What is required ▸ Leaving every image behind, reproduce the records word for word.
+++ Material provided
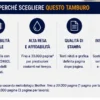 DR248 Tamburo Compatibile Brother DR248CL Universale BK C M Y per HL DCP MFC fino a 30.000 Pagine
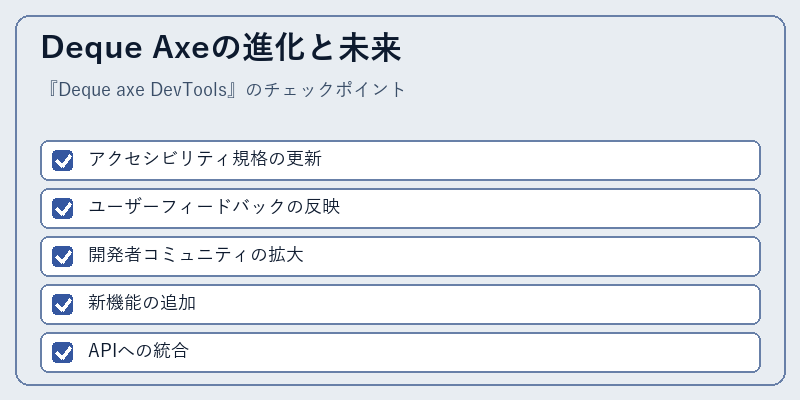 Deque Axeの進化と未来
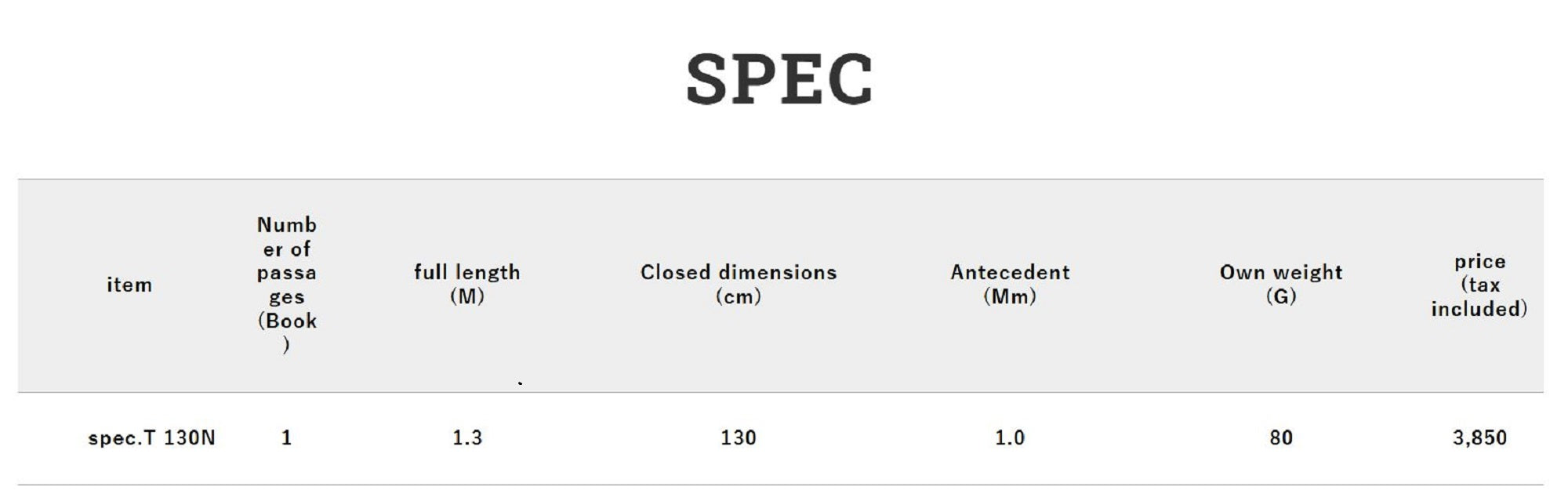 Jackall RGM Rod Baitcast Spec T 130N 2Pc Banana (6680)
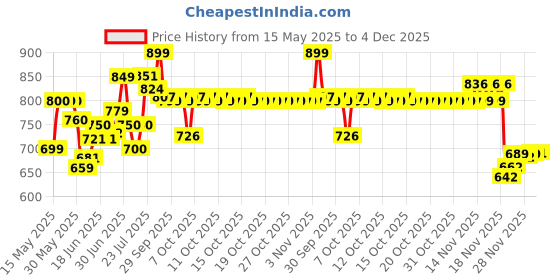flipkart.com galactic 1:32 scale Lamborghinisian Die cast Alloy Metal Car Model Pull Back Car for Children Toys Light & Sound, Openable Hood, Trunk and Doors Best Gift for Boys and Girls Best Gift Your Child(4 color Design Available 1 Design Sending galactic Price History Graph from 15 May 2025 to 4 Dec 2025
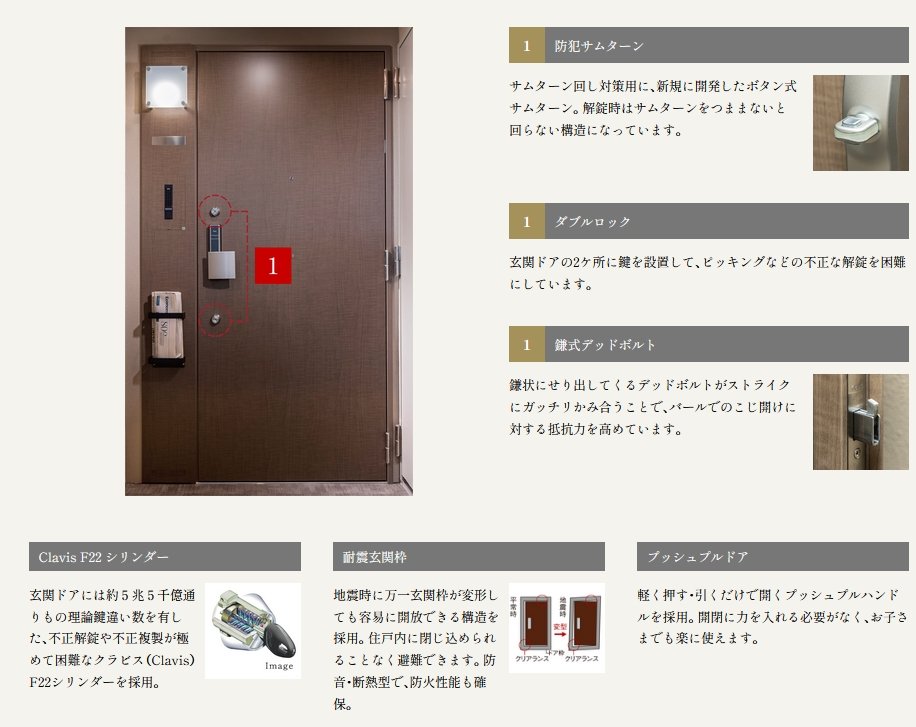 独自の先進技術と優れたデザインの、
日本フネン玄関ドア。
++++++
Exercise response ▸
 DR248 Tamburo Compatibile Brother DR248CL Universale BK C M Y per HL DCP MFC fino a 30.000 Pagine
 Deque Axeの進化と未来
 Jackall RGM Rod Baitcast Spec T 130N 2Pc Banana (6680)
flipkart.com galactic 1:32 scale Lamborghinisian Die cast Alloy Metal Car Model Pull Back Car for Children Toys Light & Sound, Openable Hood, Trunk and Doors Best Gift for Boys and Girls Best Gift Your Child(4 color Design Available 1 Design Sending galactic Price History Graph from 15 May 2025 to 4 Dec 2025
 独自の先進技術と優れたデザインの、
日本フネン玄関ドア。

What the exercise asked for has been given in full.